It’s Back! The “Cold Atlantic Blob” is once again haunting the North Atlantic. It may sound like a Halloween headline, but it could be great news for your winter heating bill.
Scientists were puzzled last winter and spring when the North Atlantic was so cold last year when most of the ocean was hotter than normal. Then everything cooled back to normal this summer. Just when the scientists started to relax, it mysteriously returned.
Now you see it, now you don’t. The Blob in April and this September. Source: NOAA
It’s more than just a pretty blue blob. The colder water cools the air above it and changes air pressure and wind patterns. Back in April, weather services noticed the churning pattern and warned it could alter conditions enough to create an early, active Atlantic Hurricane Season. (We’ve had one.) They warned it might cause 14 hurricanes and tropical storms, two more than normal. With Hurricane Nicole hitting Bermuda, we just had storm number 14. It was fortunate it faded to almost nothing in September.
With Hurricane Nicole, we have had 14 tropical storms/hurricanes. Thanks, Blob! Source: NASA
But like a Halloween ghost it has been coming back this October. This may not be good for hurricanes, but it might be good news for your heating bill this winter.
Remember, I’m blogging here and your official winter forecast is done by The Old Farmer’s Almanac.
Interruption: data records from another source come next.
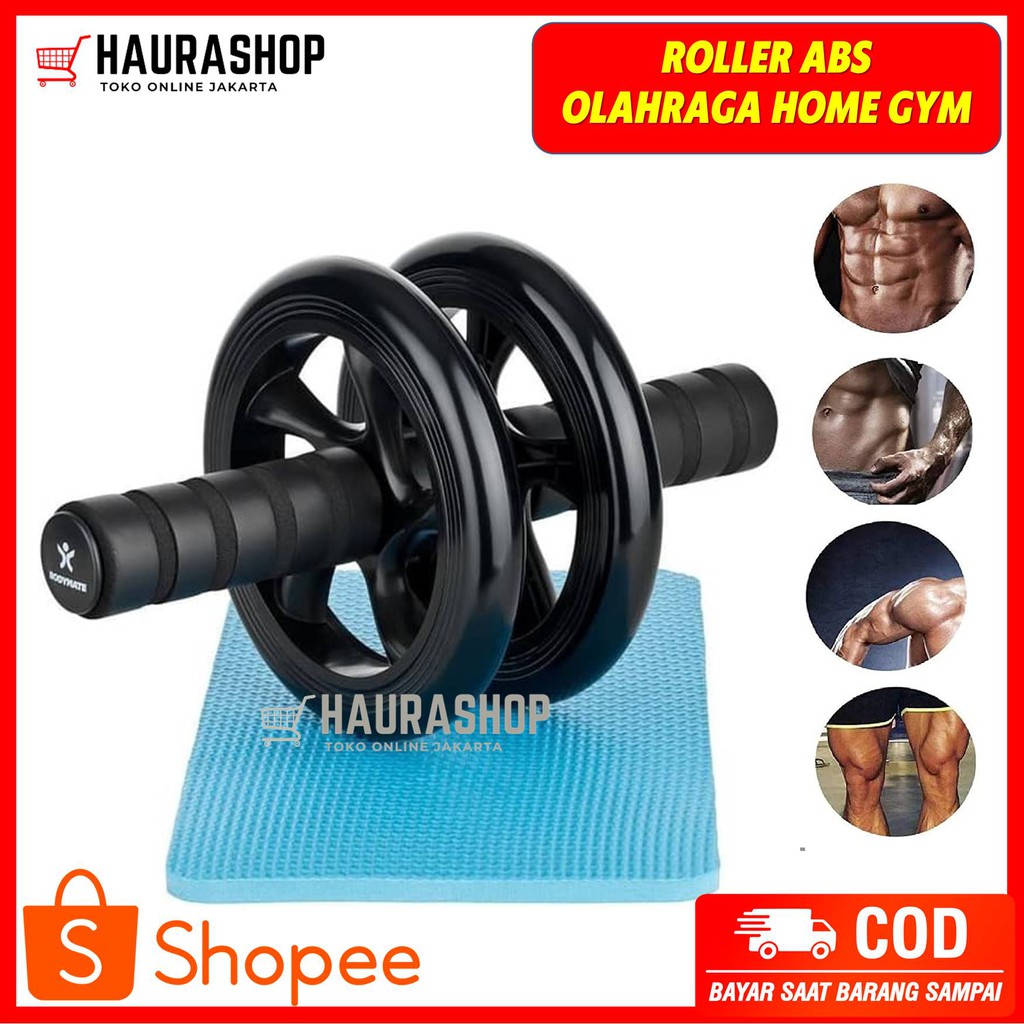 AB Roller ABS Rolller AB Whell Double Olahraga Home GYM Fitness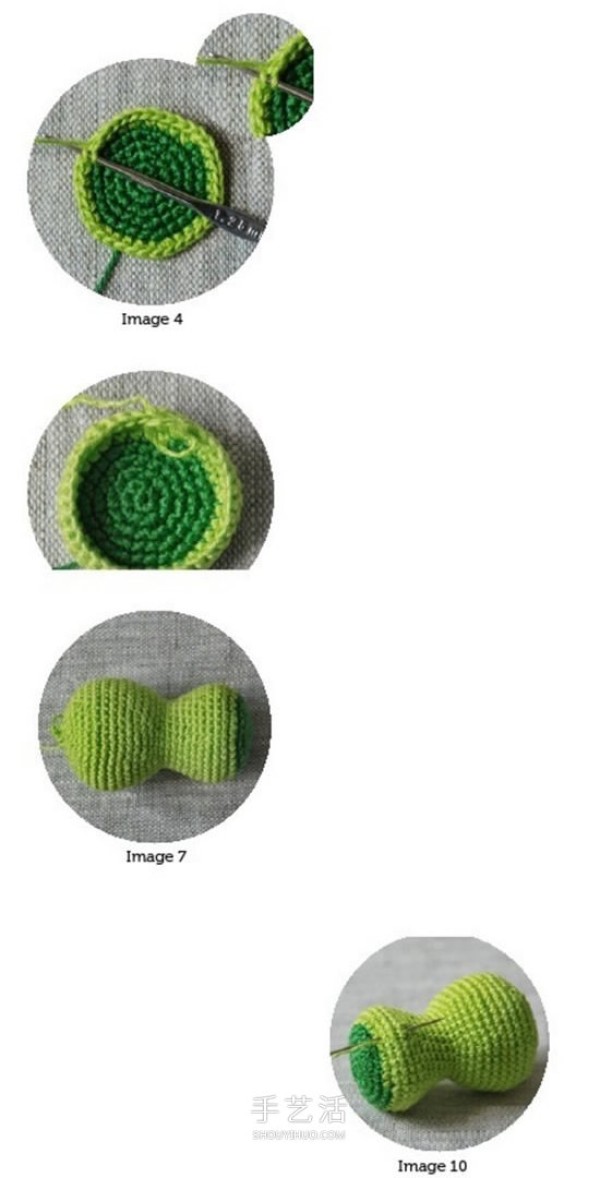 Plants vs. Zombies Peashooters handmade crochet tutorial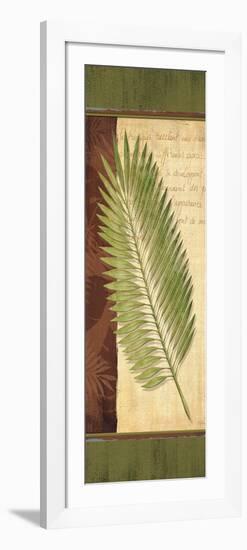Palm Tropic Panel III-Delphine Corbin-Framed Premium Giclee Print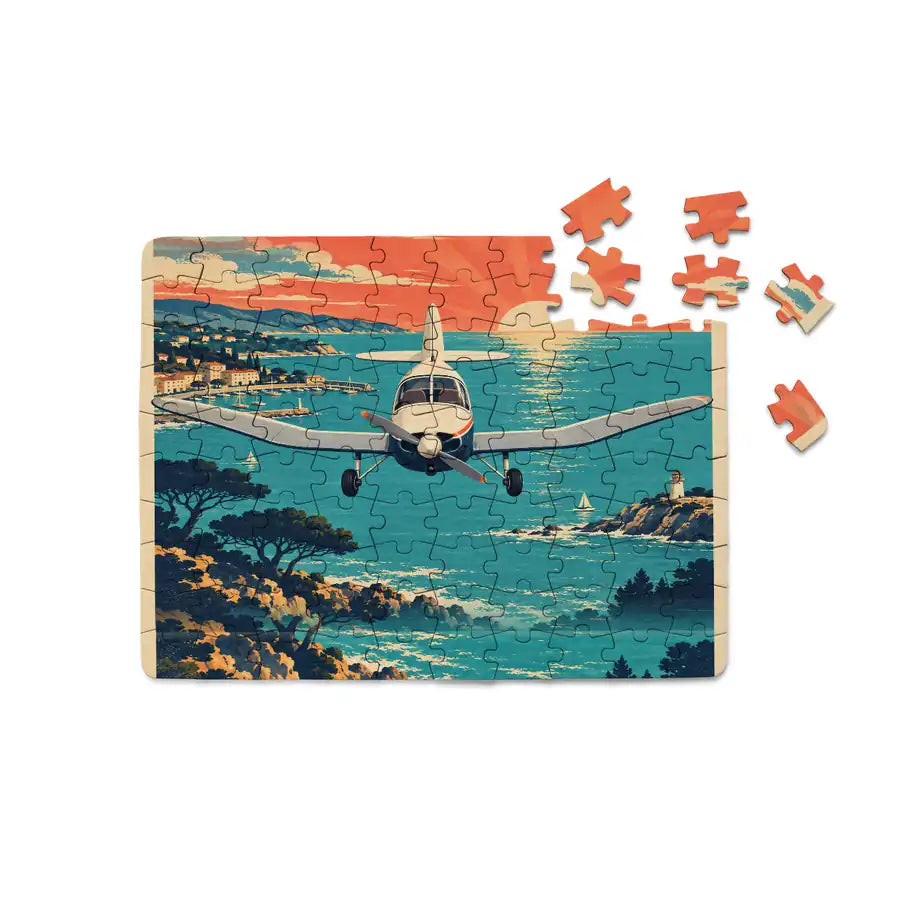 Jodel D.112 - Horizontal - Canvas Puzzle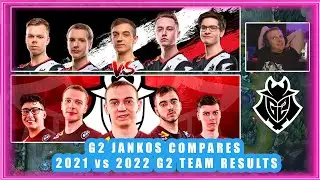 G2 Jankos Compares 2021 vs 2022 G2 Team Results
As a weather watcher, I notice that history usually shows a warmer eastern winter in “blob” years. The Gulf Stream, that flow of hot water that crosses from our side of the ocean to Europe, frequently gets backed up. This leaves a lot of nice toasty water off our East Coast. Most years the warm ocean air heats the East up nicely.
The warm Gulf Stream flowing off the East Coast. Source: NASA
This is history, not science. It doesn’t mean we will have a warmer winter, but it suggests we might. Wouldn’t that be great! Remember, even warmer winters have storms, but a few less days cleaning ice off the car windows and a lower heating bill would be nice. If it happens, you might have to thank a big, blue blob.